Comprising of both factual and fictitious sections, this case study is based on Hong Kong’s indigenous history and legends, religion and politics. It employs “water” and “soil” as traditionally sacred elements, to weave different strands of imaginations of Hong Kong, into a multi-faceted and ever-shifting historical and collective narrative with dramatic tension.
Beginning with a vision of the ethnic composition of early Hong Kong, the “tale” takes the current perspective of nostalgia, and uses the fishing and farming traditions of the Tanka/Hokkien and Hakka/Cantonese people, respectively, as the doorway, through which it juxtaposes the production, folkways, worship, and legends closely related to agricultural societies in early cultural fabrics, into a theatrical and imaginary scene of an evocation ritual that summons the past.

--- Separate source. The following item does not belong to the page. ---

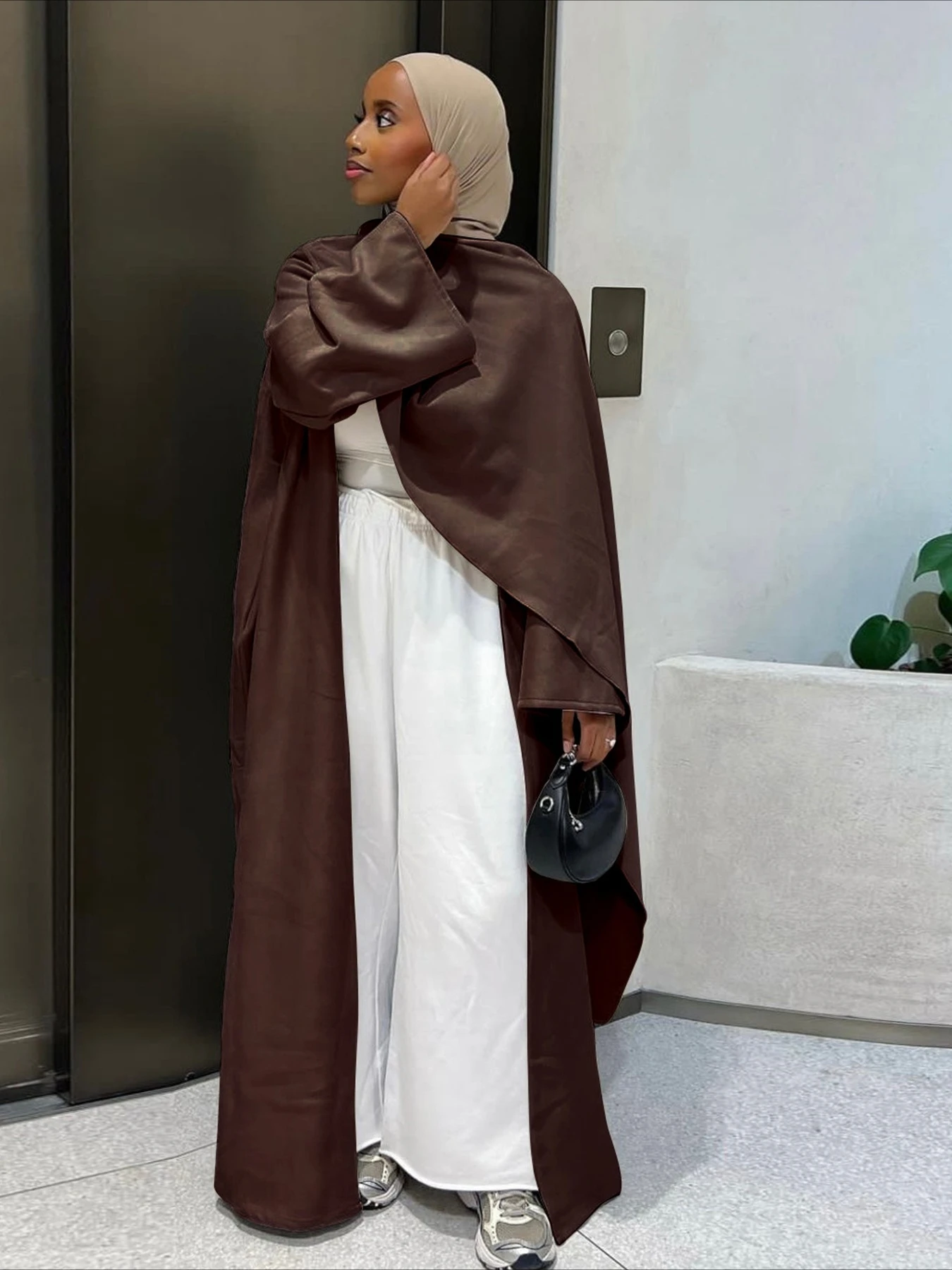 عباية نسائية دبي مع كيب سادة لعيد رمضان سترة إسلامية عبايات فيستدوس لارغوس إسلامية ملابس خارجية متواضعة رداء عربي طويل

Meanwhile, the recounting of the history of local farming and fishing production correlates with the “new farming” culture concurrent with modern Hong Kong’s land movements, and utilises the concepts of time, cultivation, and production in the act of farming to beckon an imagined future.
Combining a narrative of local consciousness with multiple origins, the ever-morphing urban culture created by the convergence of multiple groups, and the local history as a collage of multiple fragments from history, A Tale: The Land of Fish and Rice tries to build a small multiplex, with a theatrical and mystical background setting, that fosters reading, thinking, and dialogue.